In 1980, at my very first – and very short-lived - job out of college, I was trained at McGraw-Hill Publishing to use a Macintosh computer. Several Macs were quarantined in a room high above the Avenue of the Americas, and as I recall, you practically had to know COBOL to efficiently operate the things. We were constantly sending SOS’s to the McGraw-Hill equivalent of Joan on Mad Men to untangle the problems we had created. (She didn’t look like Joan, but she was most definitely the Boss Lady). Because codes with dozens of slashes and colons were required to do the simplest tasks, all the administrative assistants much preferred to use the easy, familiar IBM Selectrics that sat on our desks in the bullpen.
At my next jobs in Washington and Philadelphia, everyone was still using typewriters. I’ll never forget one secretary at J. Walter Thompson making a bet with her boss that she could not produce a perfect, error-free letter. He didn’t want to see any wite-out or carbon correction marks. Over and over, the secretary tried and failed. Finally she came and begged me to try – and I too failed. The pressure was too much.

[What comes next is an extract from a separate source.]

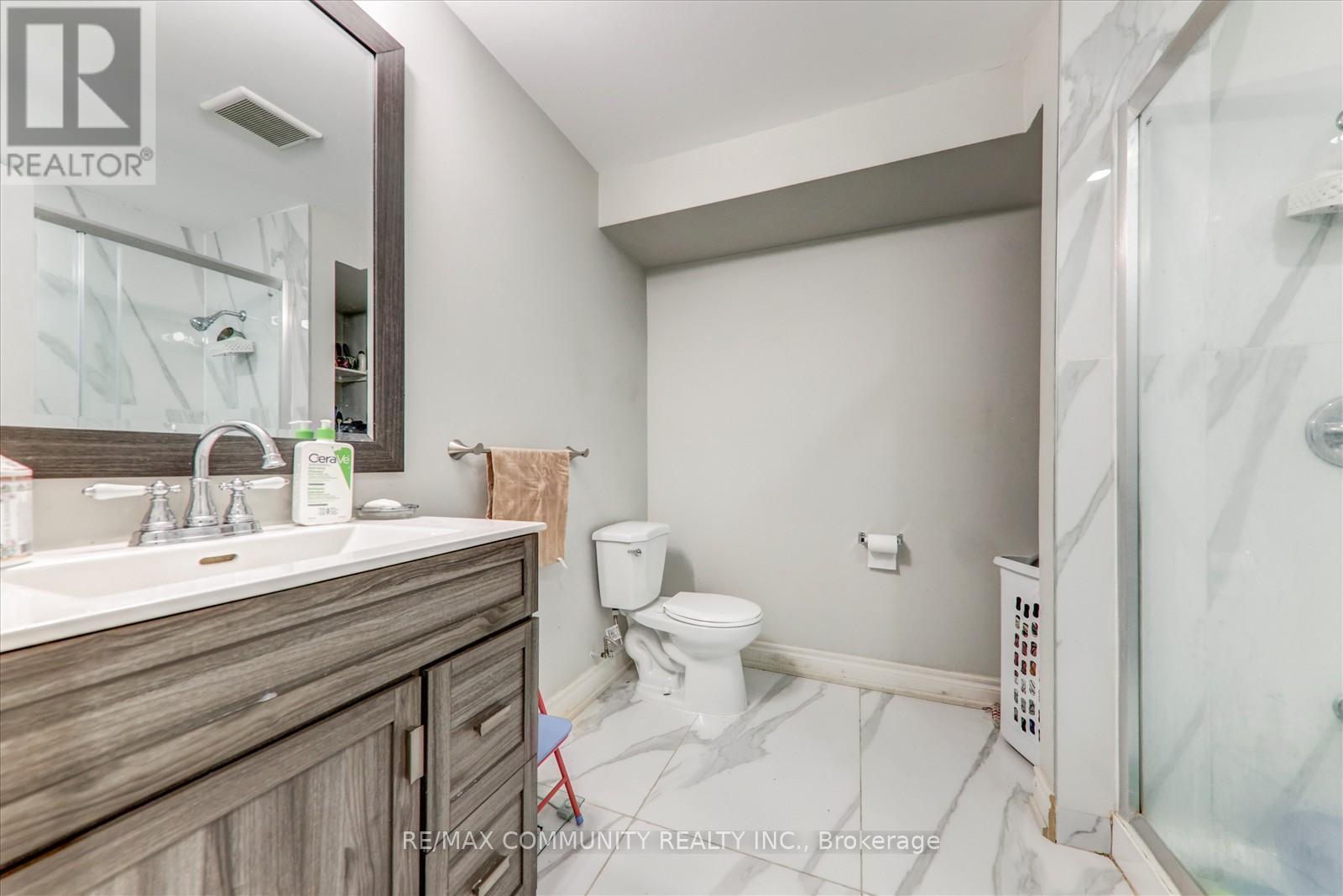 Photo 26 of 138 West Lawn Crescent, Whitchurchstouffville ON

In 1983, I joined a small ad agency in suburban Philadelphia that got a computer only for the secretary. With this, she was able to order type for our ads and publications, which was then overnighted to us from the typehouse in Virginia on shiny scrolls of paper. This innovation put an end to the tradition of scruffy delivery guys (they were all fat, as I recall) who used to ride Amtrak through the Mid-Atlantic region, hand-delivering type to agencies in Philadelphia, Baltimore, and Washington.
In 1987, Chris and I started our own firm. One of our first purchases was a computer – giant and beige – which used the DOS operating system. Pale letters on a grey-blue screen. Disks that were made of hard, brittle plastic. Paper that came in huge connected piles, with punched out dots that had to be threaded properly in the printer.

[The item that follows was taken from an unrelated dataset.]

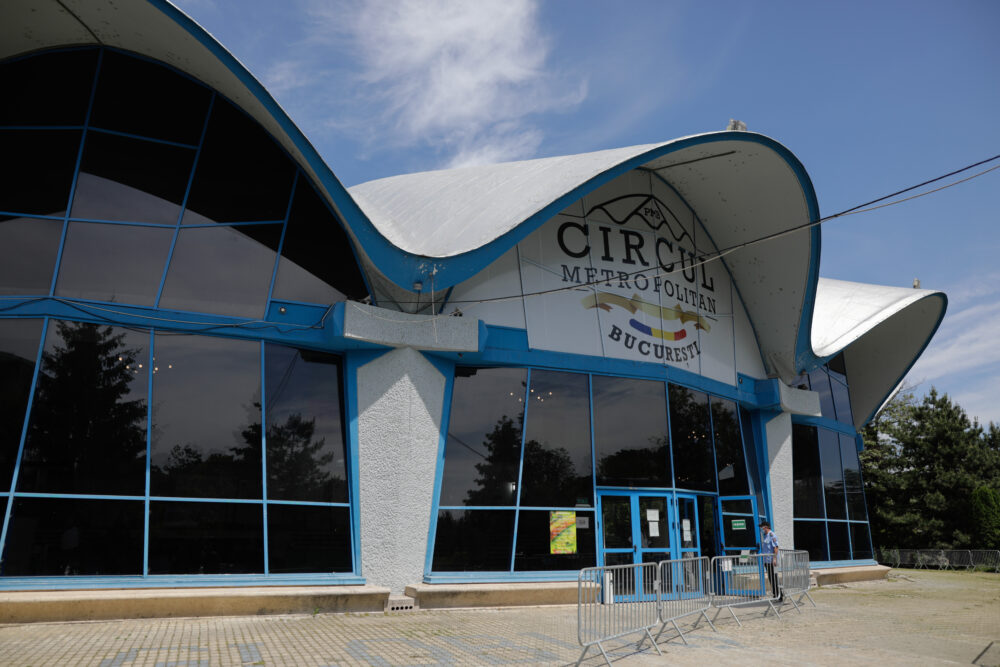 Circul Metropolitan intră în reparații. Experții au descoperit infiltrații care pot afecta structura de rezistență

When the internet came along, we hopped on board. Some clients hired us because (they admitted) we were the only agency with a website. One newspaper hired us to promote them because we were the only PR firm sending news releases via email.
All of which brings me to my major point. When trying to go to google, which I do a hundred times a day, or to any website, I still type “www” in the search bar. Apparently this is no longer necessary, but nobody told me until last year. It’s a habit that is nearly impossible to break.
Last summer, our intern would notice me doing this. He would smile and say nothing. Ian and Hugh, if they happen to oversee this embarrassing display of fogey-dom, will kindly remind me that the w’s are history. Malcolm just snickers.
Last season on 30 Rock, Tina Fey obviously felt the pain of all of us who are stuck in the old days. She and the teenage assistant were trying to track down some information online. By the time Tina had painstakingly reached the third “W” on her laptop’s search bar, the impossibly young secretary had thumbed her way to the answer on her blackberry. Or iPhone. Or whatever she uses.
Just another reason I love Tina Fey. She’s only 40, but she pretends to have the same problems of uncool middle age.Am I alone in the Cretacious period of computerdom?